For parallel state estimation, parallel sparse linear solvers are used solve state estimation problem and tested with real utility data.
For massive contingency analysis, a dynamic load balancing scheme was implemented to achieve optimal speedup, minimizing the impact of different solution time for different contingencies. The contingency execution is based on the availability of cores. Therefore, while the number of cases assigned to each core might be different, the computational time on each core is roughly same. The same scheme can be applied to look-ahead contingency analysis.

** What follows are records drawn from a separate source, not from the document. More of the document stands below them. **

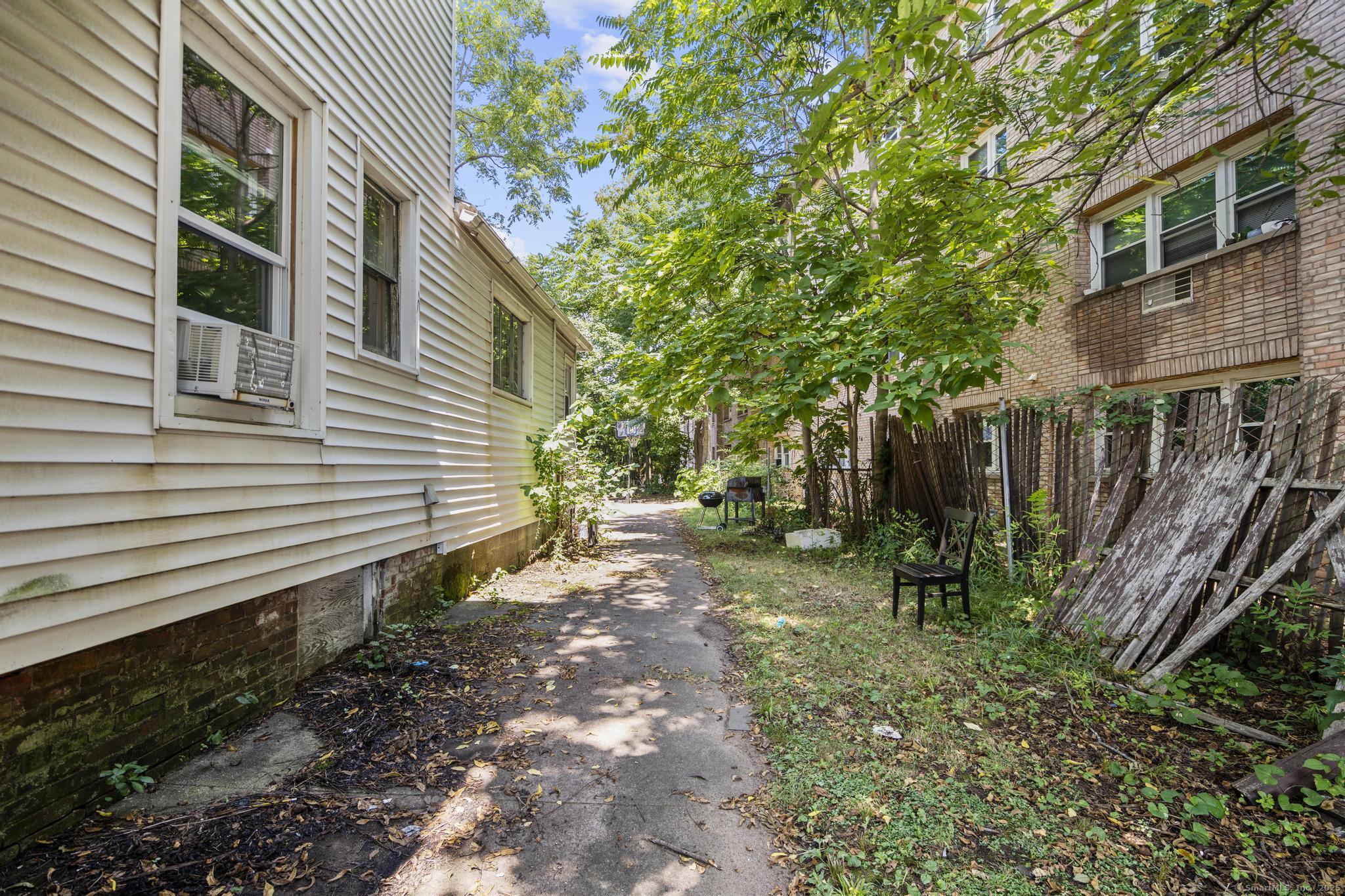 327 Center Street West Haven, CT 06516 - Photo 13 of 19 a backyard of a house with lots of green space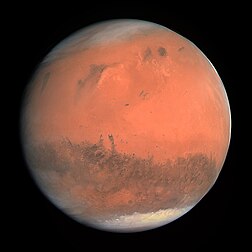 Imagem em truecolor de Marte tomada em fevereiro de 2007 pelo instrumento OSIRIS da sonda espacial Rosetta lançada pela Agência Espacial Europeia. (definição 2 205 × 2 205)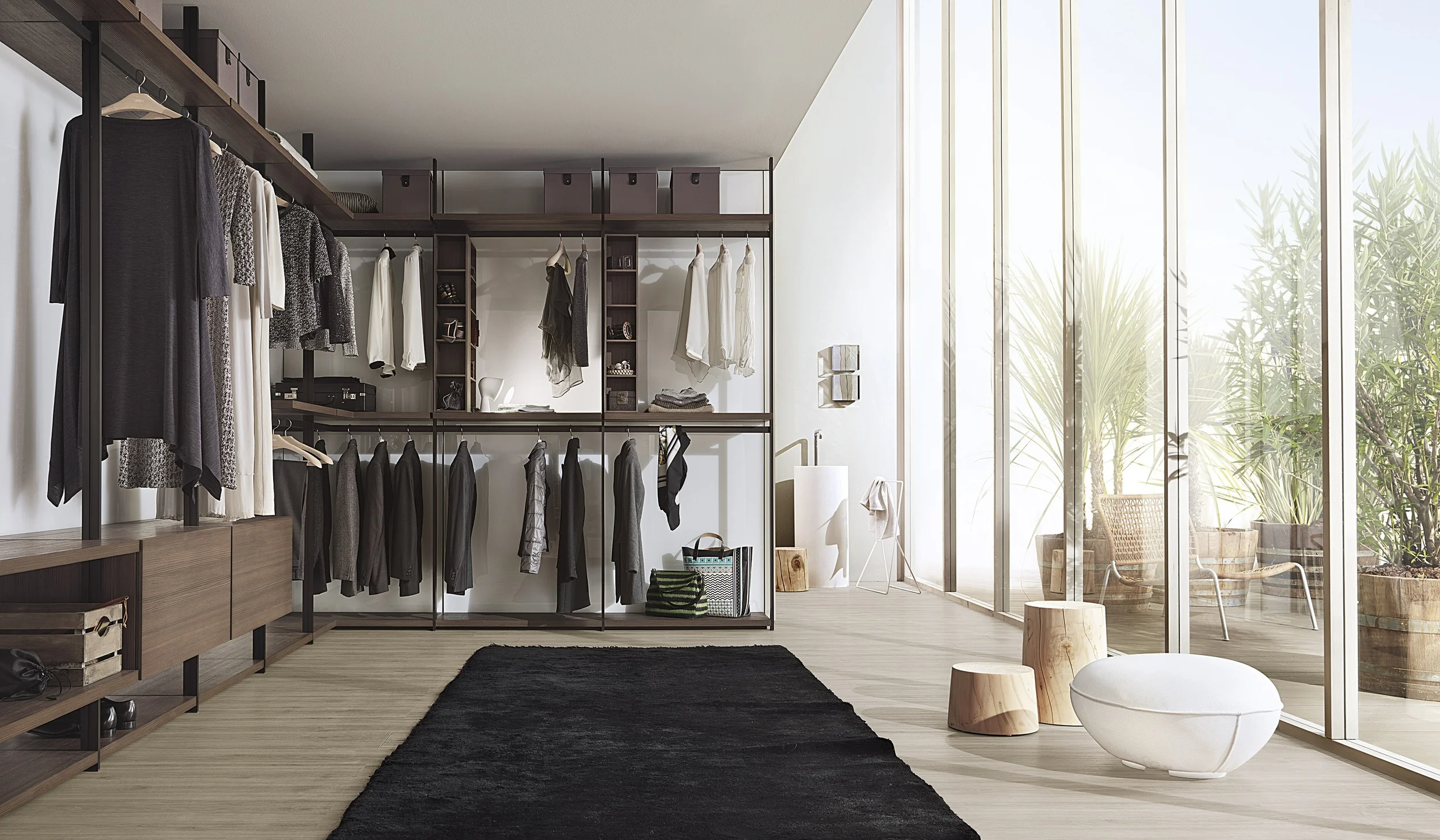 HANGAR BY LEMA Completes the historical catalogue of Lema walk-in wardrobe. Designed by Piero Lissoni, adds to the cladding panels and glass illuminated wall wooden uprights using floor / ceiling that help support the weight of the equipment and provide a quality detail.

For look-ahead contingency analysis, smart sampling algorithm is needed to have a reduced, but representative data set to cover the uncertainty brought by forecast errors and significantly reduce computational time. One year real wind forecast data and actual generation data extracted from state estimation snapshots are used to test the performance of smart sampling algorithm, in conjunction with actual and forecast load data. After the simulation is completed, probabilistic analysis techniques, including extreme value distribution, are used to predict system future conditions to allow users foresee system’s future conditions and take actions ahead of time. The algorithm has been integrated with GE Grid Solutions’ energy management system tool, leveraging GE SMTNET multiple-timepoint study, as a proof-of-concept for a seamless integration
For visualization, advanced visualization techniques were used to represent grid status with different colour schemes for an intuitive view. More supporting features, such as contingency ranking, interactively corrective action comparison are also implemented to further provide effective decision-making support to operators and engineers. Both stand-alone tool and web browser based visualization tool are implemented.